9. A final image associated with the procession of figures in The Triumph of Life poses an alternative to de Man's interpretation. I cite from Shelley's Poetry and Prose, ed. Donald H. Reiman and Sharon B. Powers (New York: Norton, 1977):
"These shadows, numerous as the dead leaves blown
"In Autumn evening from a popular tree—
Each, like himself and like each other were,
At first, but soon distorted, seemed to be. . . ."
(528–31)
The lines expose a merging between the general and particular similar to the identifying sympathy found in Keats's “This Living Hand” and associated with the highest achievement of Romanticism.
10. Only its penultimate sentence suggests another mood. This line states de Man's characteristic vision of blindness and insight, but hints that the future of criticism—and perhaps his future—"is far from clear, but certainly no longer simply a matter of syntax and diction” (ix).

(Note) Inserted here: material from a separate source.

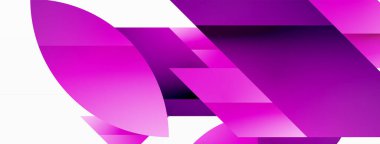 Çemberlerin, karelerin ve üçgenlerin hassas etkileşimiyle oluşan soyut başyapıt. Geometrik elementler uyumlu bir kaos içinde birleşerek modern yaratıcılık duygusunu uyandırır. Şekillerin senfonisi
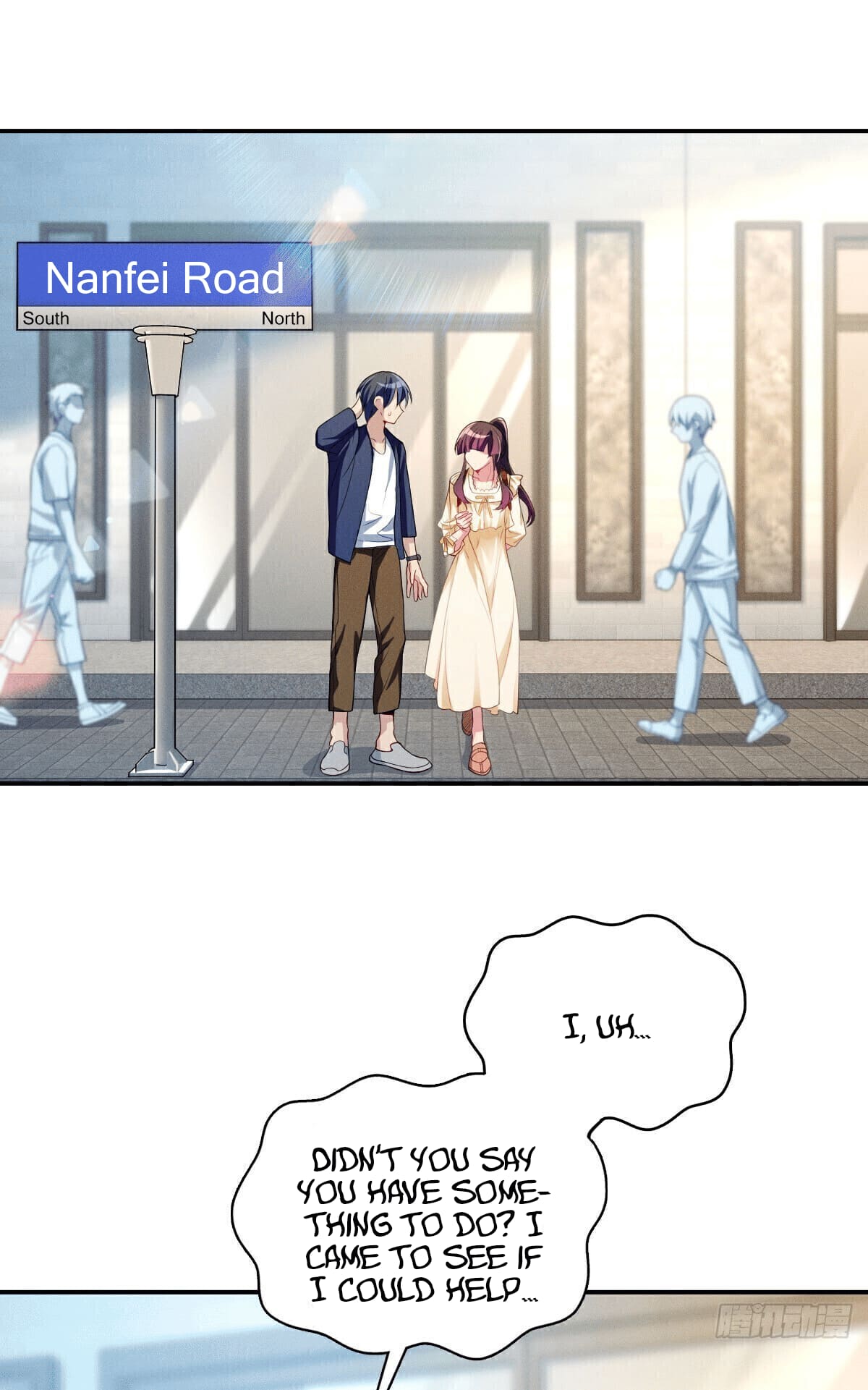 Page 2 of Chapter 7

Whether de Man is referring to a necessity beyond grammatical and rhetorical readings is a question that those acquainted with him personally might know better than I how to answer. It remains, however, that de Man was unable in his writings to move beyond the experience of death. Elsewhere I have argued that de Man's work elaborates a rhetoric of mourning that requires the idea of death, and not absence, to create its coherence. See “Paul de Man and the Rhetoric of Selfhood,” New Orleans Review 13.1 (1986): 5–9.
* Author's note to 1990 printing: The texts of Paul de Man's wartime journalism were discovered after The Ethics of Criticism had gone to press. For an analysis of de Man's journalistic writings that builds upon the remarks here, see my “Mourning Becomes Paul de Man,” in Werner Hamacher, Neil Hertz, and Thomas Keenan, eds., Responses: On Paul de Man's Wartime Journalism (Lincoln: University of Nebraska Press, 1989), pp. 363–67.